Depois estivemos em programas de televisão. E ajudou-me a lançar o Rádio Clube onde passámos dificuldades. A meio do processo, quando o projeto tinha apenas um ano e meio ou dois anos, a administração pressionou muito, o Grupo Prisa estava em grandes dificuldades e eu tinha de prescindir dos colaboradores, os que estavam a recibos verdes. Seriam os primeiros a ir e era inegociável. O Rogério, que era o meu consultor, adiantou-se: Luís, eu vou. Não é preciso falarmos mais nisso, sei o que está a acontecer e amigo não empata amigo. E foi.
E eu fiquei. Estúpido de merda fiquei. E deixei-o ir. Sem replica. Sem dizer à administração que o Rogério era a minha linha vermelha, inegociável para mim. Quando saiu daquela porta, quando deixei que saísse, o jornalismo morreu para mim. O jornalismo por quem me apaixonara em jovem. E nunca mais deixei de pensar que na vida há valores muito mais importantes do que a sobrevivência. Serviu-me para a vida.
Transmontano de Moncorvo, o Rogério. Com ele comi lampreia pela primeira vez. Com ele conheci poetas, escritores, livros, polícias e ladrões, sítios de informadores e o parlamento. Nunca elogiava da maneira como se elogia. Nunca abraçava da maneira como se abraça. Nunca festejava da forma como se festeja. Ou chorava da maneira como se chora, nunca o vi chorar.
Amava profundamente a mulher da sua vida. Contou-me num dia especial: a Arlete é a pessoa da minha vida, não saberei viver sem ela, mas não lhe quero dar esse peso, o peso dessa dependência, é apenas um problema meu.
E amava profundamente os seus dois filhos. Quando o Tiago começou a ter sucesso, falava do mais novo. Queria equilibrar as coisas. Mas quando o mais velho foi convidado para o lugar mais importante do teatro português perguntei-lhe: estás feliz, Rogério? Fumou um cigarro sem dizer uma única palavra. E no final tinha as lágrimas presas nos olhos. O Tiago era a sua prenda para o mundo. Sua e da Arlete.
Estou ainda no escritório. Precisei de ficar mais um pouco. Os meus filhos mais novos estão a dormir em casa. Os mais velhos ainda não sabem que morreu o Rogério, o último jornalista. O último jornalista que conheci entre todos os que viviam em função de uma ideia que foi morrendo no tempo.
Fui ao supermercado em frente comprar uma garrafa de Famous Grouse. Bebo à sua memória, à sua vida. E quis o destino que amanhã, sexta, sábado e domingo, esteja a moderar quatro debates sobre “Fake News”, no teatro Nacional Dona Maria II, dirigido pelo seu filho, Tiago Rodrigues.
E na quinta-feira, apresento um livro de entrevistas em que a última é com o seu filho, a pessoa que considero há muito como o mais talentoso entre todos os criadores portugueses.
Não há palavras, Rogério. Tinhas mesmo de abalar hoje? Bebes um copo comigo? Vem, estou aqui. A garrafa dá para os dois.
LO


"O Rogério foi o melhor, o mais extraordinário jornalista que conheci", escreveu Luís Osório.
"Ninguém escrevia sobre política como o Rogério. Nem sobre o Partido Comunista. Ou Álvaro Cunhal - no dia em que o conheci, na redação do semanário O Jornal, acabara de publicar um perfil sobre o histórico líder comunista, levei o jornal para casa e adormeci a sonhar com o dia em que escreveria como ele", acrescentou.
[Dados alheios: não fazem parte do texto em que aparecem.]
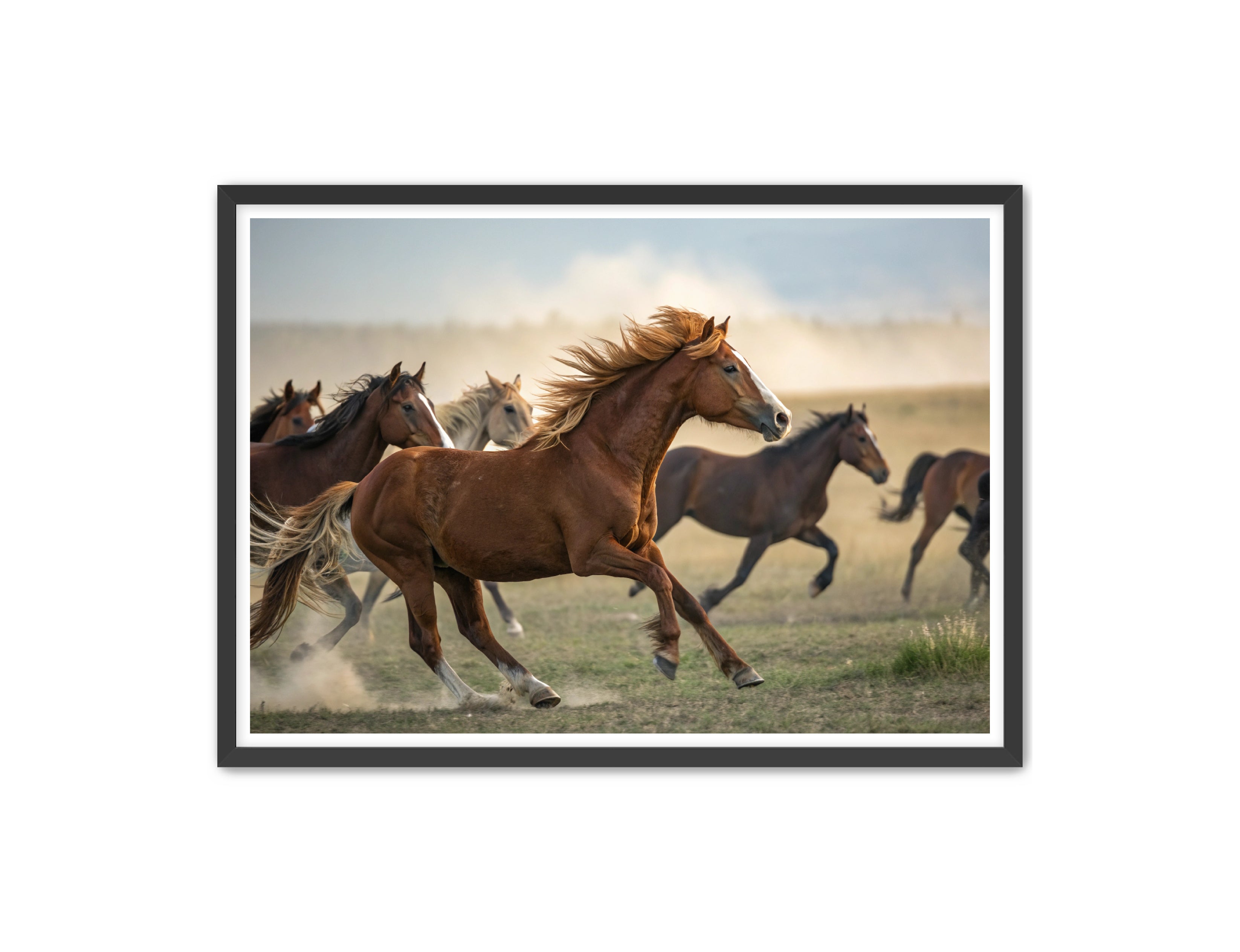 Apricus Prints Vaquero 'Stampede Leader' Apricus Art Collection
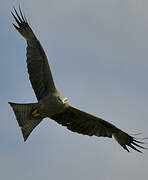 Black Kite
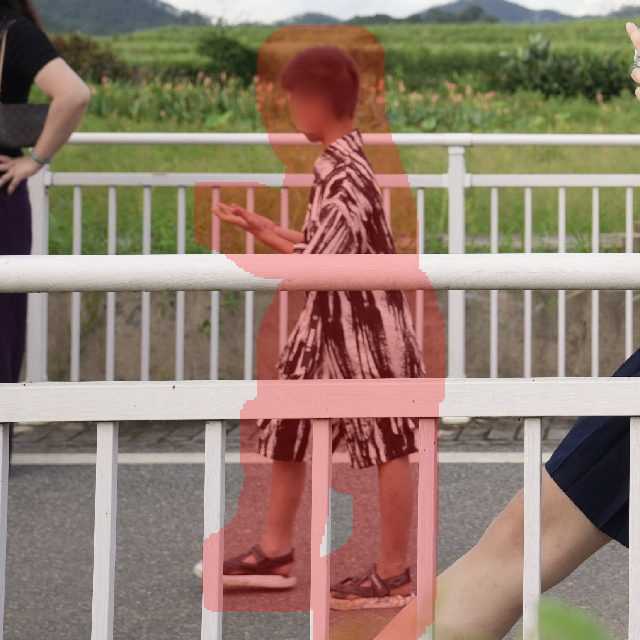 Input Image 1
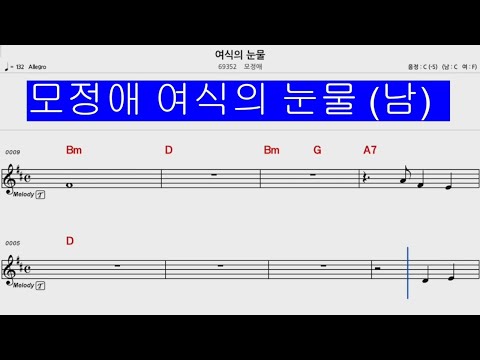 🎸모정애 가요제 🎸여식의 눈물 MR <strong>남자키</strong>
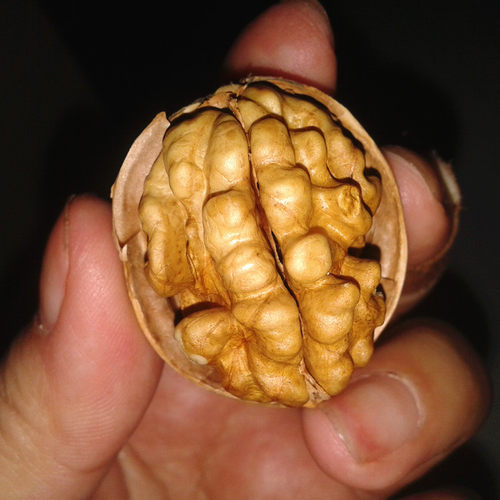 新货阿克苏纸皮核桃手剥即开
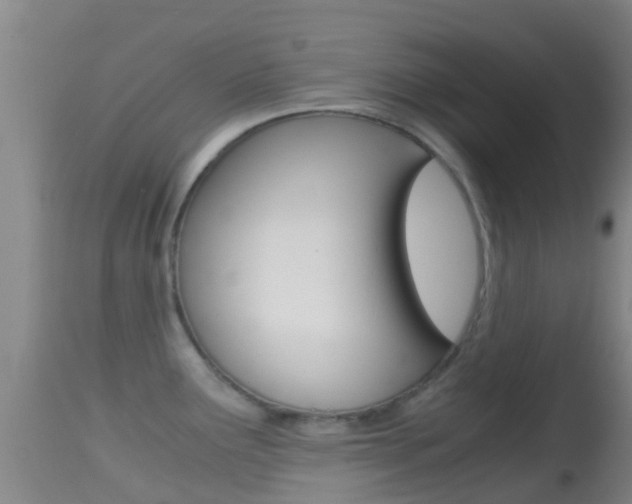 X0000114681291200910211023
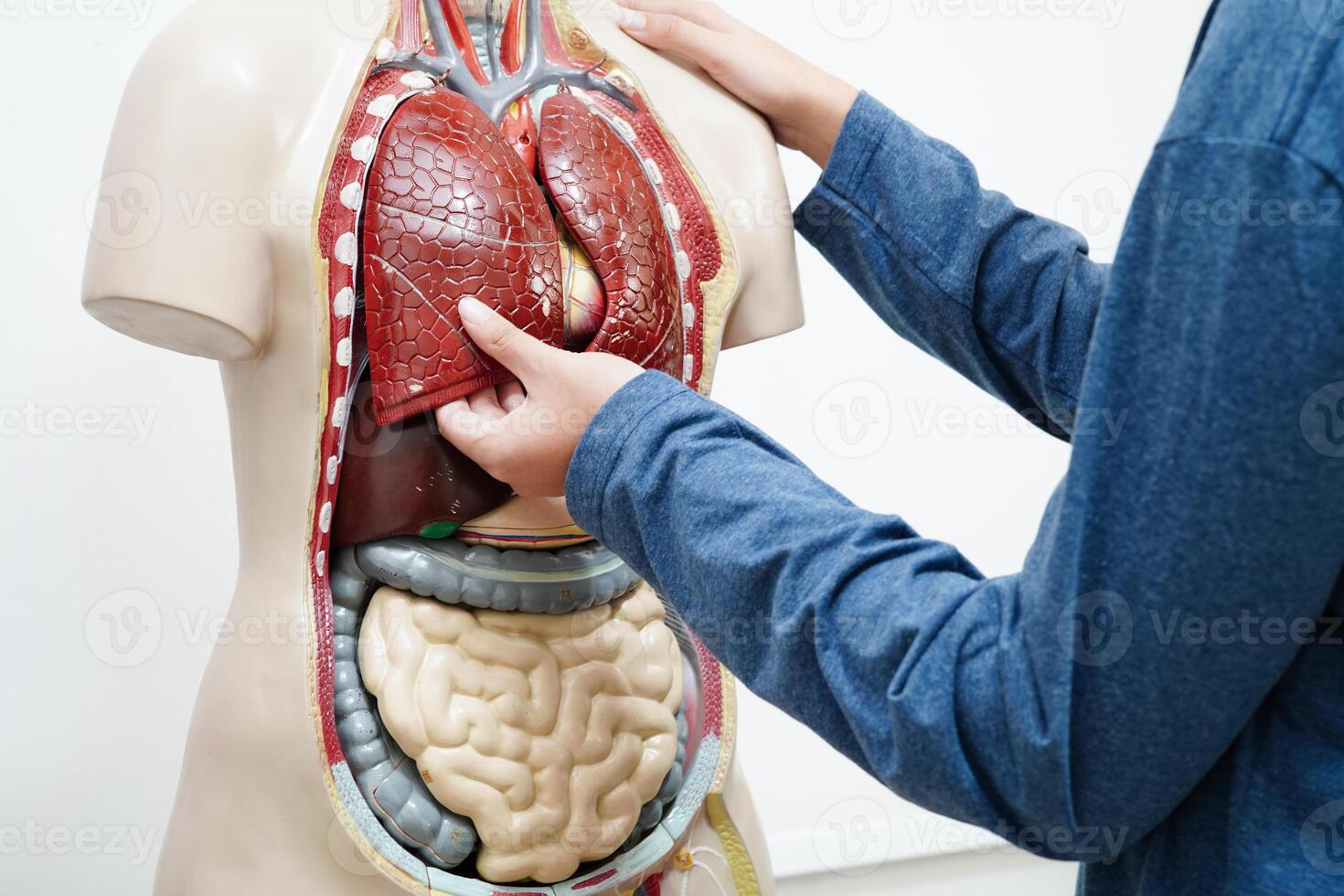 asiático estudiante aprendizaje con humano cuerpo modelo en anatomía biología en salón de clases a alto escuela. foto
Rogério Rodrigues foi também diretor-adjunto de A Capital, quando Luís Osório dirigiu o vespertino, e passou também pela nova fase do Rádio Clube Português e por programas de televisão.
Henrique Monteiro, também no Facebook, lembrou que Rogério Rodrigues "foi perseguido antes do 25 de Abril, tolerante e aberto depois. Teimoso sempre.".


"O velório será realizado na Igreja Matriz da Amadora, a partir das 18:00 de sexta-feira. No sábado, pelas 14h, será realizada uma cerimónia de despedida na Igreja da Amadora, seguindo depois o corpo para o Crematório de Barcarena", divulgou o seu filho, Tiago Rodrigues, diretor do Teatro Nacional D. Maria II.